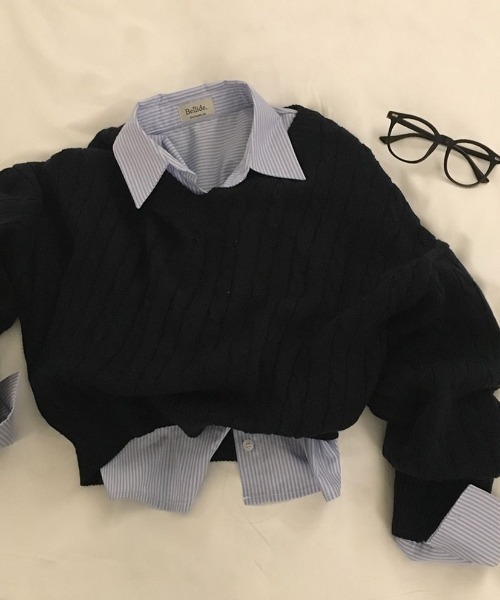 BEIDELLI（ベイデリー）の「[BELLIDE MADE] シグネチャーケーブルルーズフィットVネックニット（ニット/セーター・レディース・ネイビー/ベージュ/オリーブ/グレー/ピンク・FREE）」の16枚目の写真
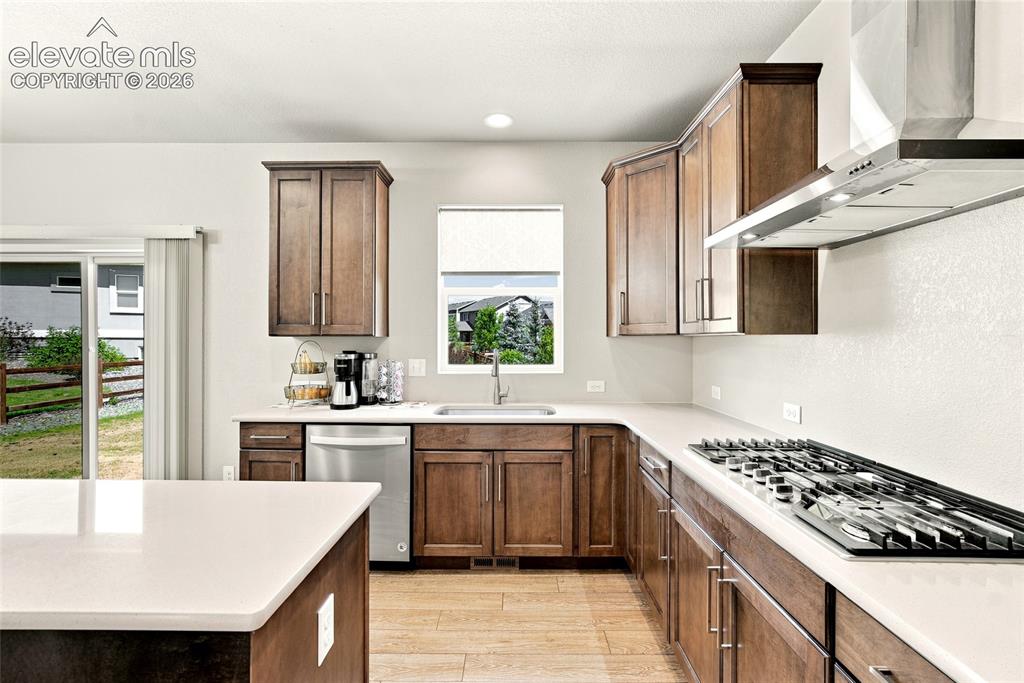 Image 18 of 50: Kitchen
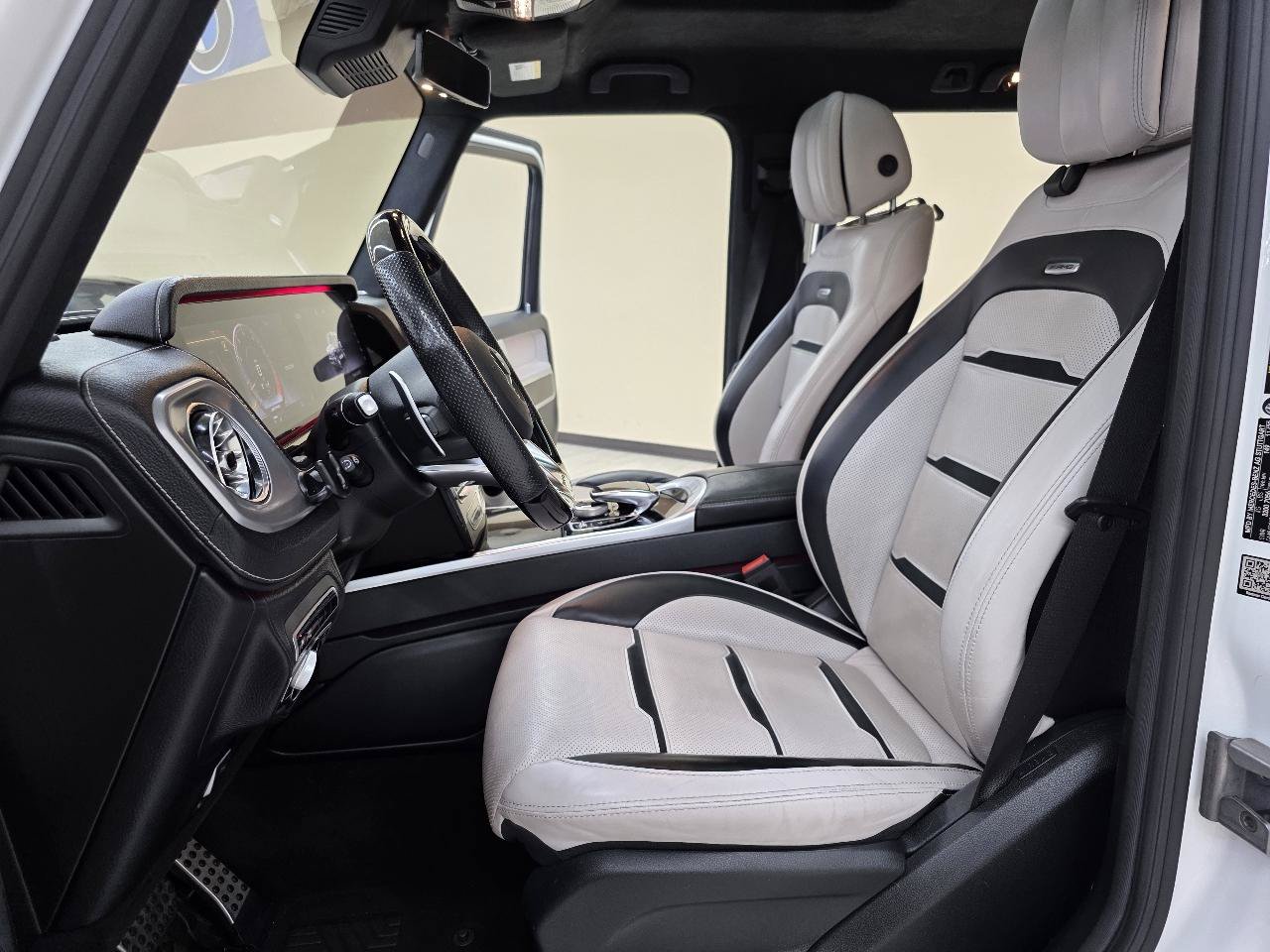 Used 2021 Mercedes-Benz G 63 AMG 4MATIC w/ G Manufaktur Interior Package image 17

--------------------------------------------------

§ **Task statement**
Your response must consist of the material above, reproduced word for word, with the images omitted.

§ **Solution for this task**
 BEIDELLI（ベイデリー）の「[BELLIDE MADE] シグネチャーケーブルルーズフィットVネックニット（ニット/セーター・レディース・ネイビー/ベージュ/オリーブ/グレー/ピンク・FREE）」の16枚目の写真
 Image 18 of 50: Kitchen
 Used 2021 Mercedes-Benz G 63 AMG 4MATIC w/ G Manufaktur Interior Package image 17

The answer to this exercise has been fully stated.